Images should be omitted while the rest of the data is duplicated exactly.

BEGIN

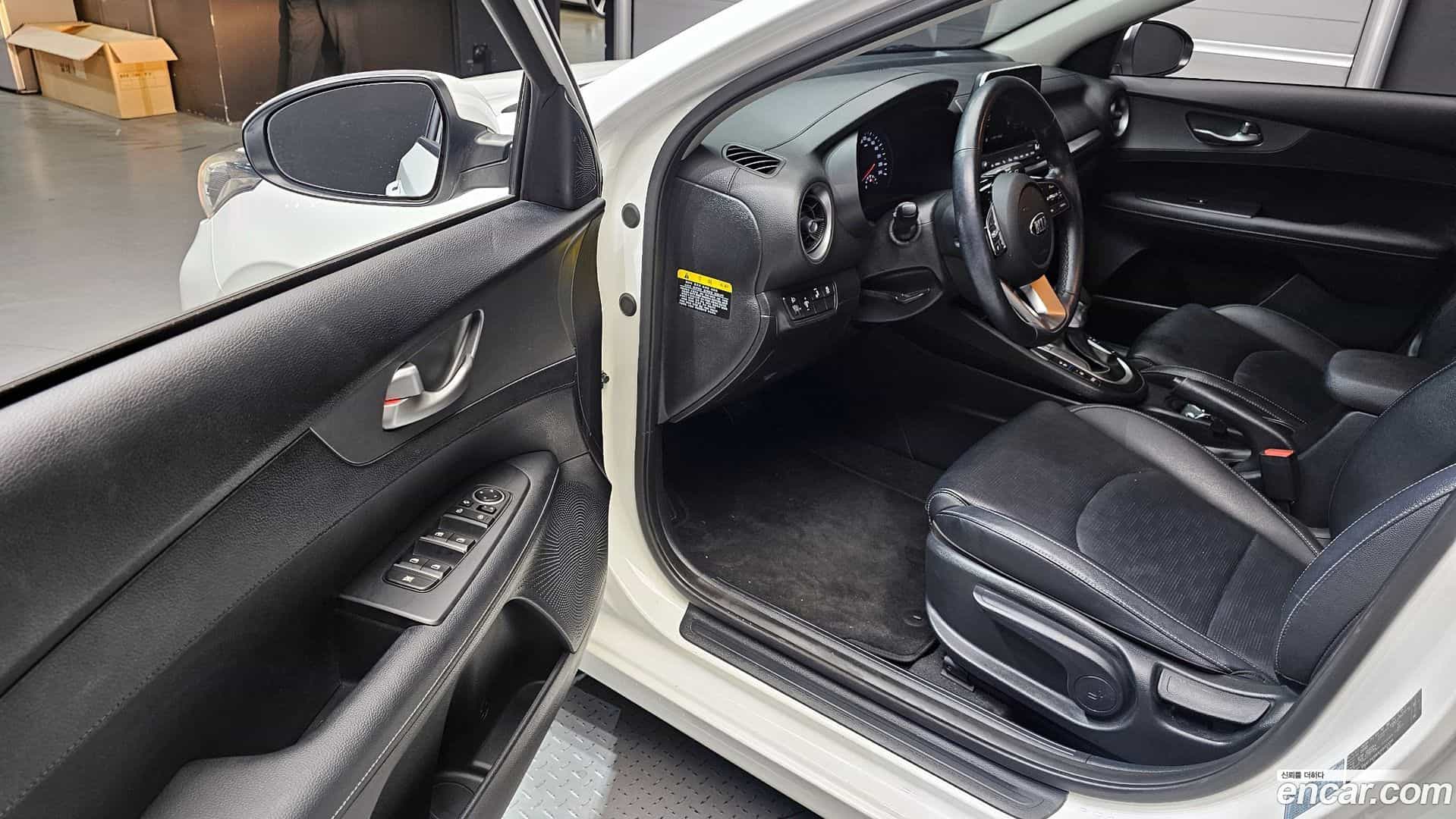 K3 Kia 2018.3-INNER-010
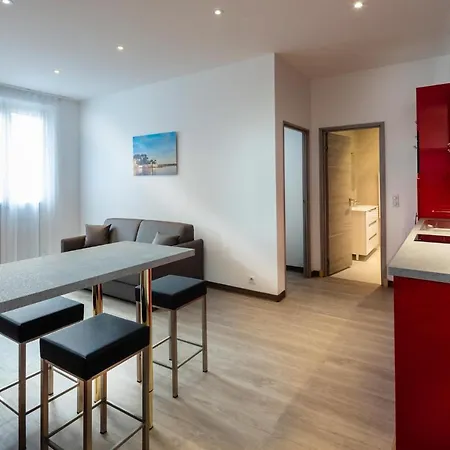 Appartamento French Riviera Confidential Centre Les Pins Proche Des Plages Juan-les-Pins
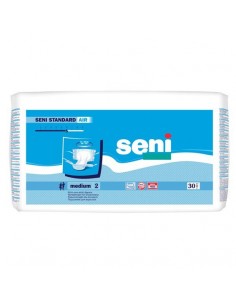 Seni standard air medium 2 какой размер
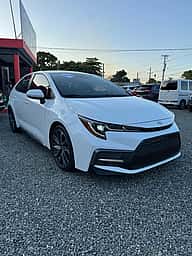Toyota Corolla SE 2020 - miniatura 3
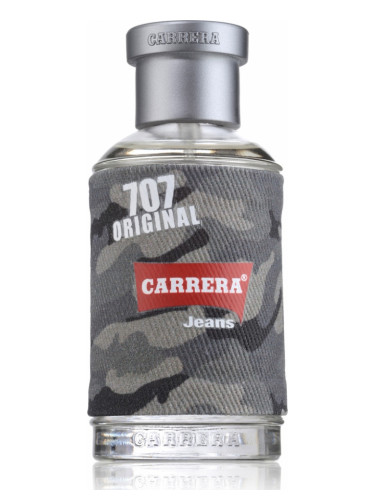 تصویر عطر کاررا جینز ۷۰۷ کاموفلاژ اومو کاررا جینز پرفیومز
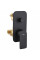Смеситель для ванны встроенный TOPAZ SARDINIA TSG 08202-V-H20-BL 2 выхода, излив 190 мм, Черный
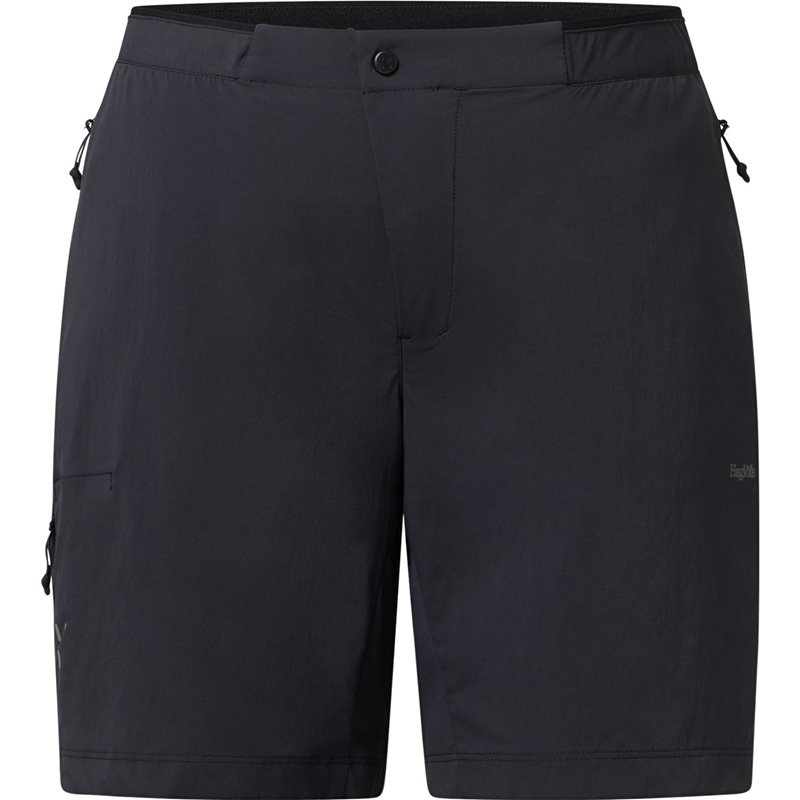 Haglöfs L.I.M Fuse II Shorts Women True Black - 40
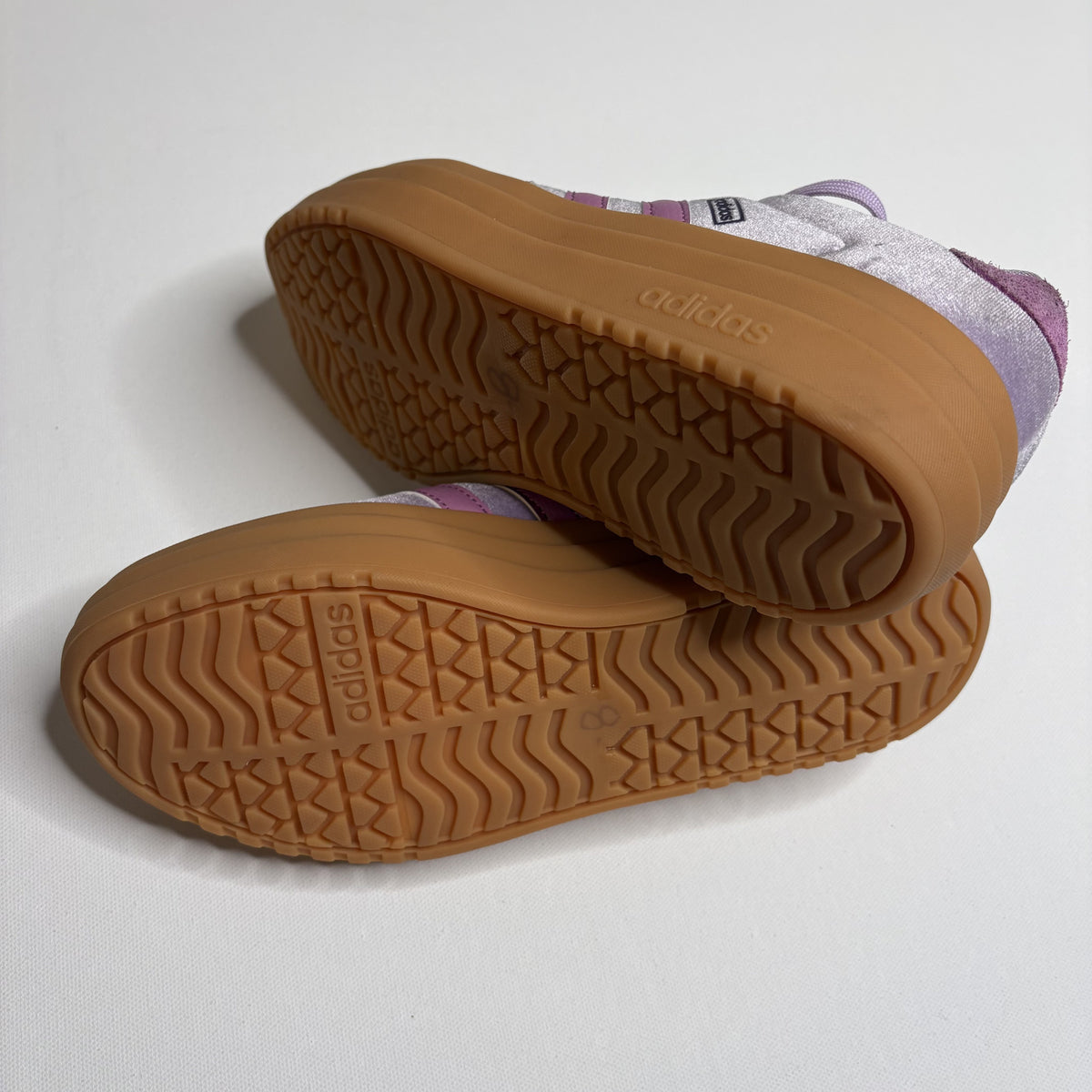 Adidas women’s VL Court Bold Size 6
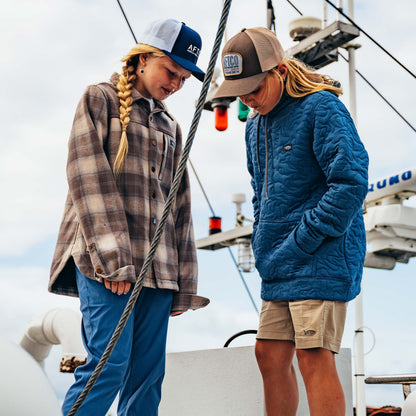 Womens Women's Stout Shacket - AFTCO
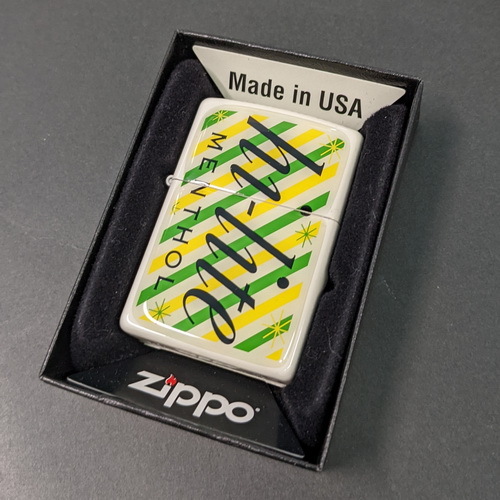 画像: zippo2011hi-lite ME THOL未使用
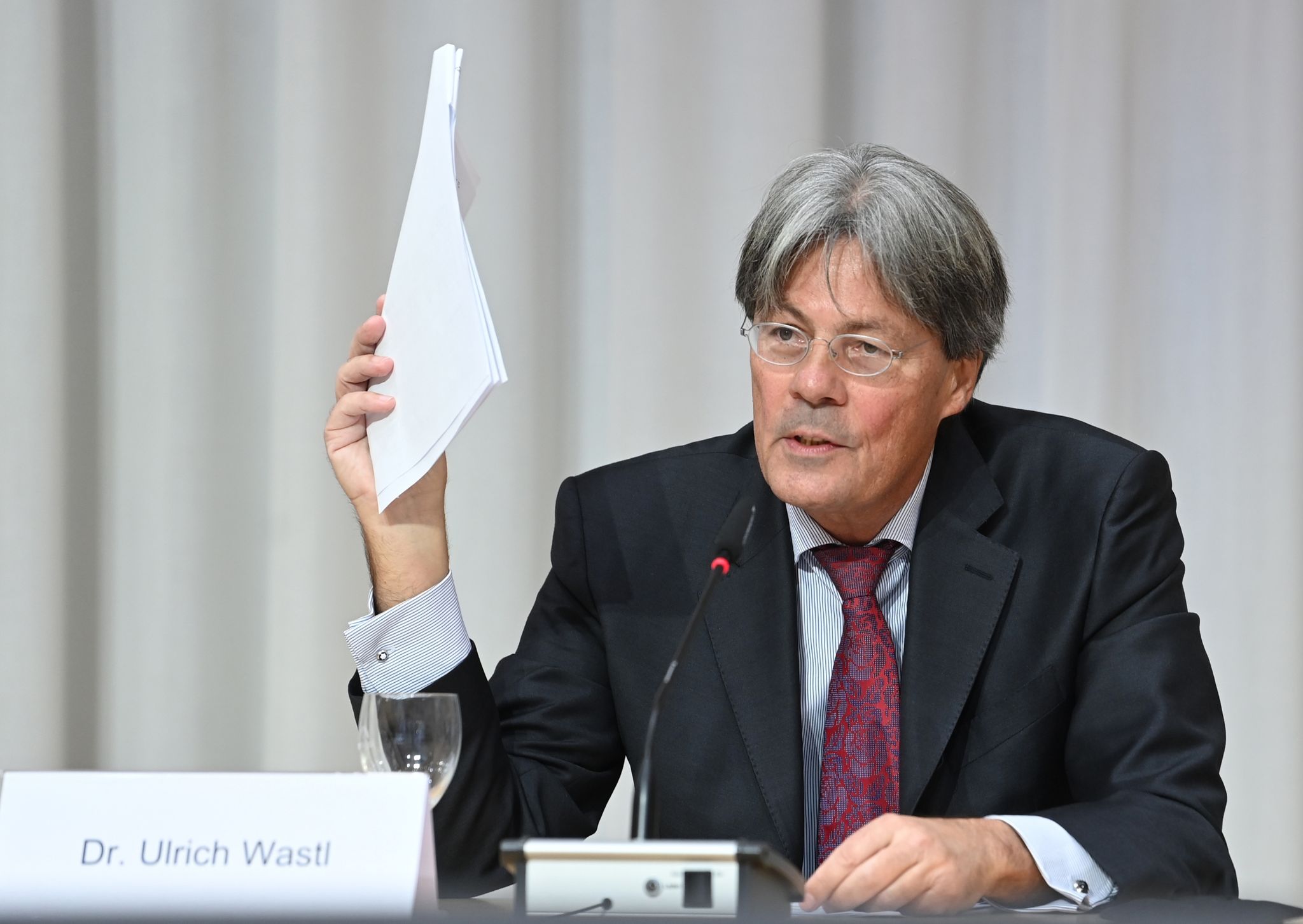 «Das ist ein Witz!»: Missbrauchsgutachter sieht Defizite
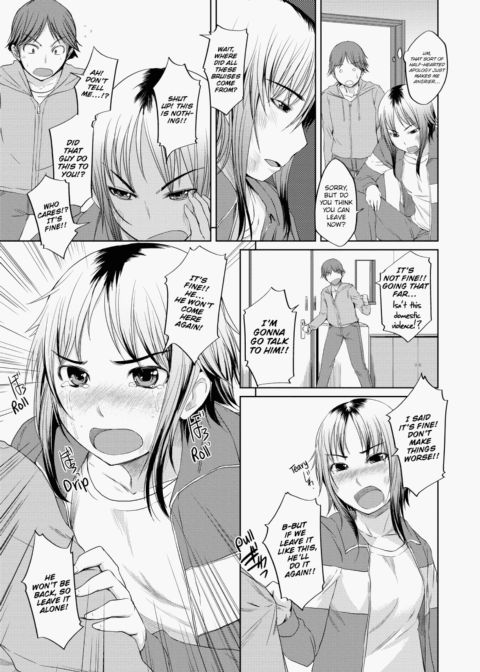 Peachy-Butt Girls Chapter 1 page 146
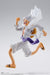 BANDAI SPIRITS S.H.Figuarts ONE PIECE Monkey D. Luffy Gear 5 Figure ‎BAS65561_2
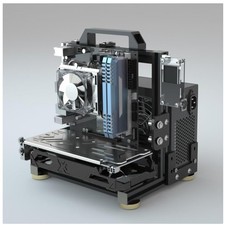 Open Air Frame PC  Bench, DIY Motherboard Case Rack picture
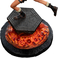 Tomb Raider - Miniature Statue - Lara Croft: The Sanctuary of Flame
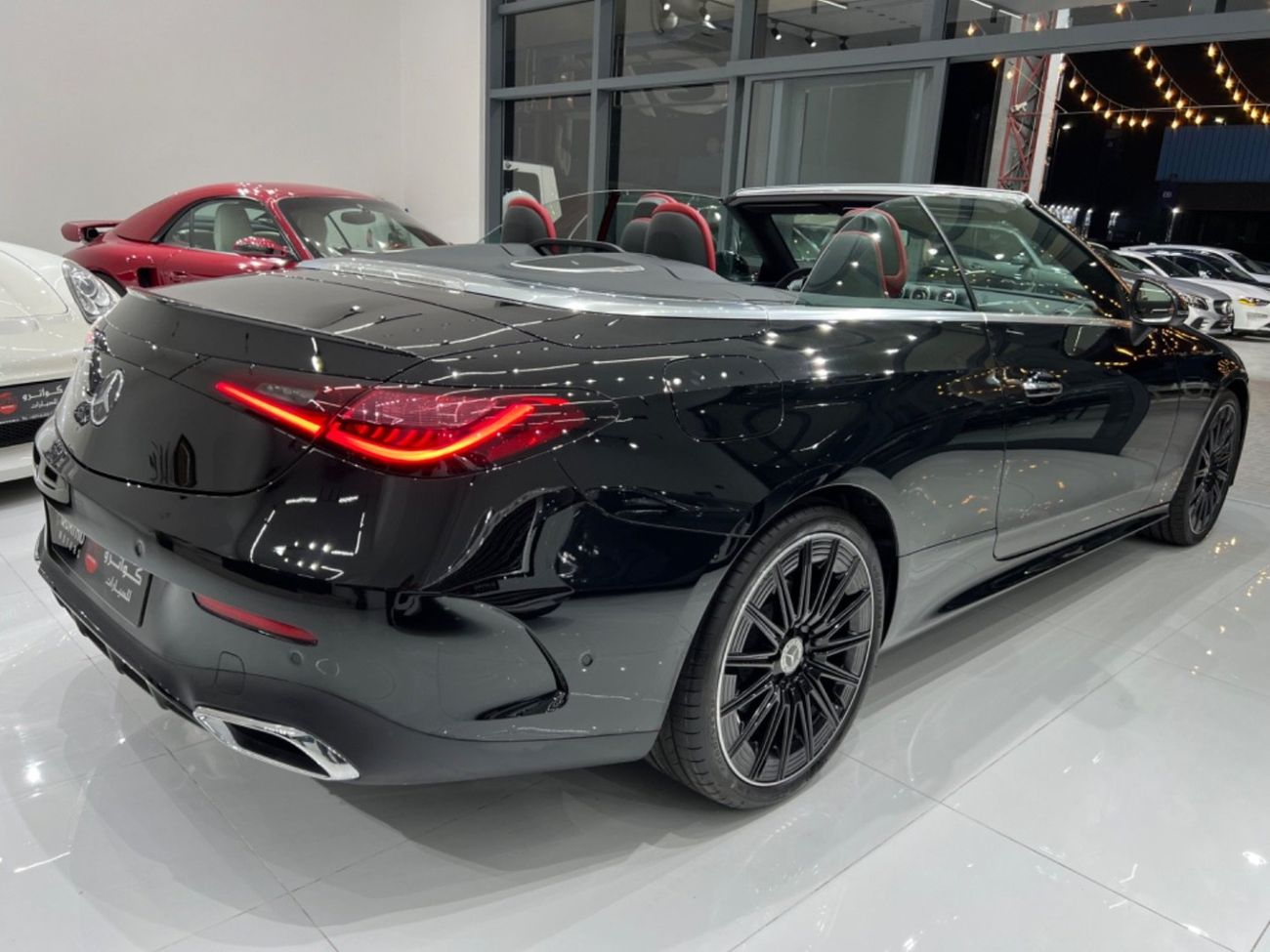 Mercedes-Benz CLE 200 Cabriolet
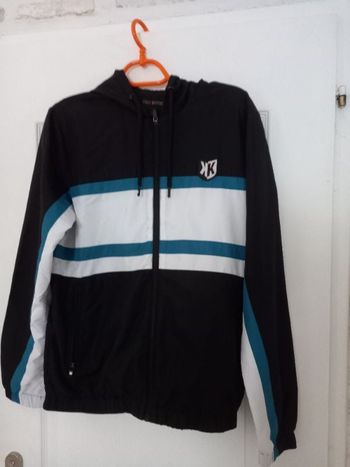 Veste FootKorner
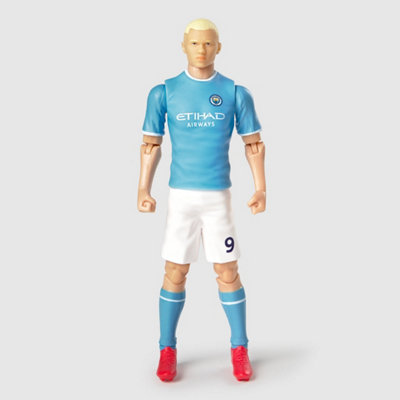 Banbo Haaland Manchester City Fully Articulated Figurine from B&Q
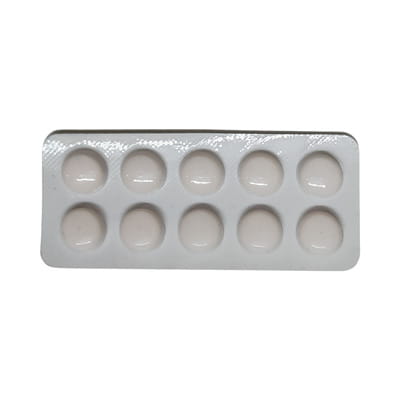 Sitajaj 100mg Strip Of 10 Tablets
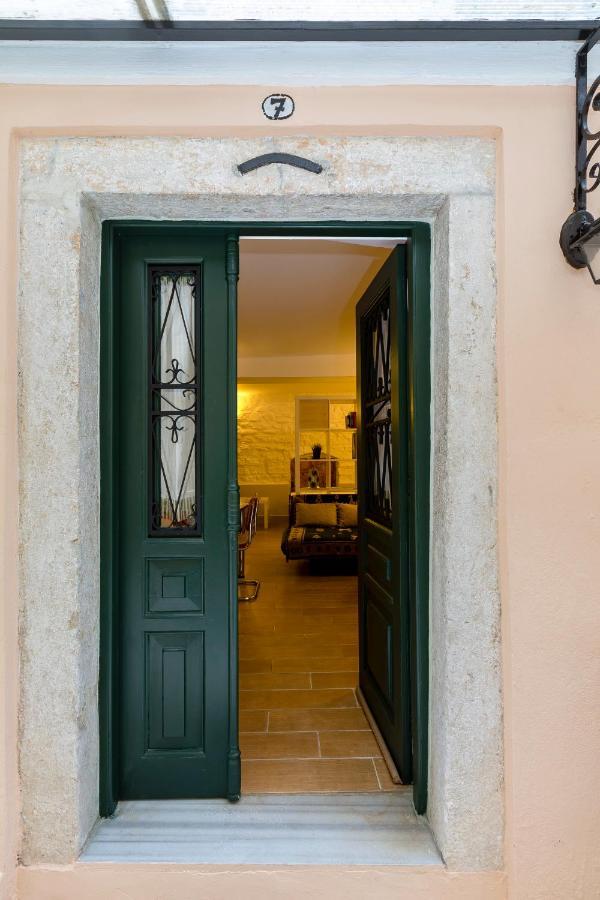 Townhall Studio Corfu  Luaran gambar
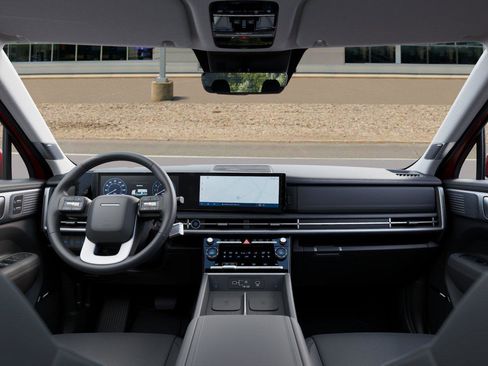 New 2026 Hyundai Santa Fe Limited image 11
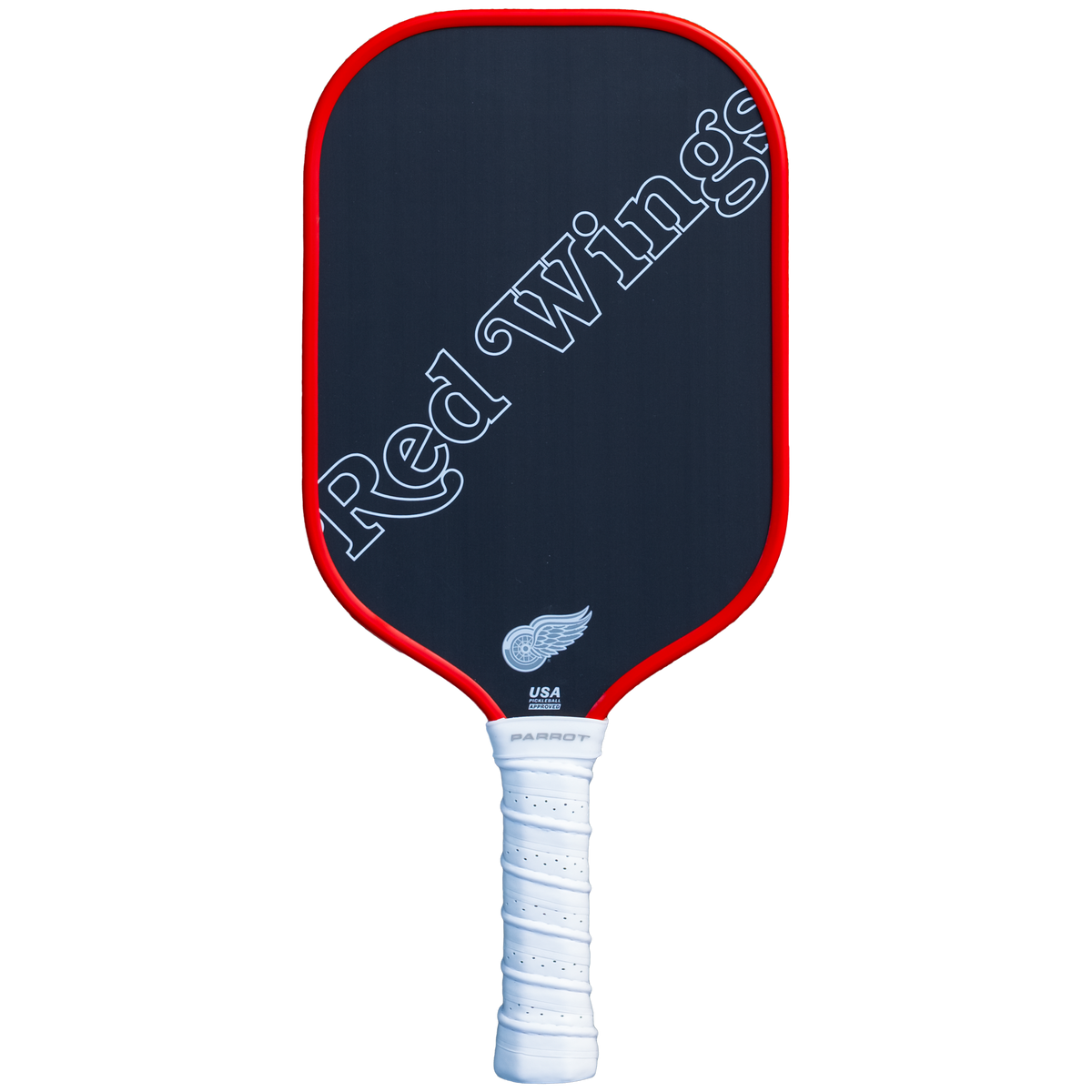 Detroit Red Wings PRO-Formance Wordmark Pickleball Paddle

END

• FINAL ANSWER:
 K3 Kia 2018.3-INNER-010
 Appartamento French Riviera Confidential Centre Les Pins Proche Des Plages Juan-les-Pins
 Seni standard air medium 2 какой размер
Toyota Corolla SE 2020 - miniatura 3
 تصویر عطر کاررا جینز ۷۰۷ کاموفلاژ اومو کاررا جینز پرفیومز
Смеситель для ванны встроенный TOPAZ SARDINIA TSG 08202-V-H20-BL 2 выхода, излив 190 мм, Черный
 Haglöfs L.I.M Fuse II Shorts Women True Black - 40
 Adidas women’s VL Court Bold Size 6
 Womens Women's Stout Shacket - AFTCO
 画像: zippo2011hi-lite ME THOL未使用
 «Das ist ein Witz!»: Missbrauchsgutachter sieht Defizite
 Peachy-Butt Girls Chapter 1 page 146
 BANDAI SPIRITS S.H.Figuarts ONE PIECE Monkey D. Luffy Gear 5 Figure ‎BAS65561_2
 Open Air Frame PC  Bench, DIY Motherboard Case Rack picture
 Tomb Raider - Miniature Statue - Lara Croft: The Sanctuary of Flame
 Mercedes-Benz CLE 200 Cabriolet
 Veste FootKorner
 Banbo Haaland Manchester City Fully Articulated Figurine from B&Q
 Sitajaj 100mg Strip Of 10 Tablets
 Townhall Studio Corfu  Luaran gambar
 New 2026 Hyundai Santa Fe Limited image 11
 Detroit Red Wings PRO-Formance Wordmark Pickleball Paddle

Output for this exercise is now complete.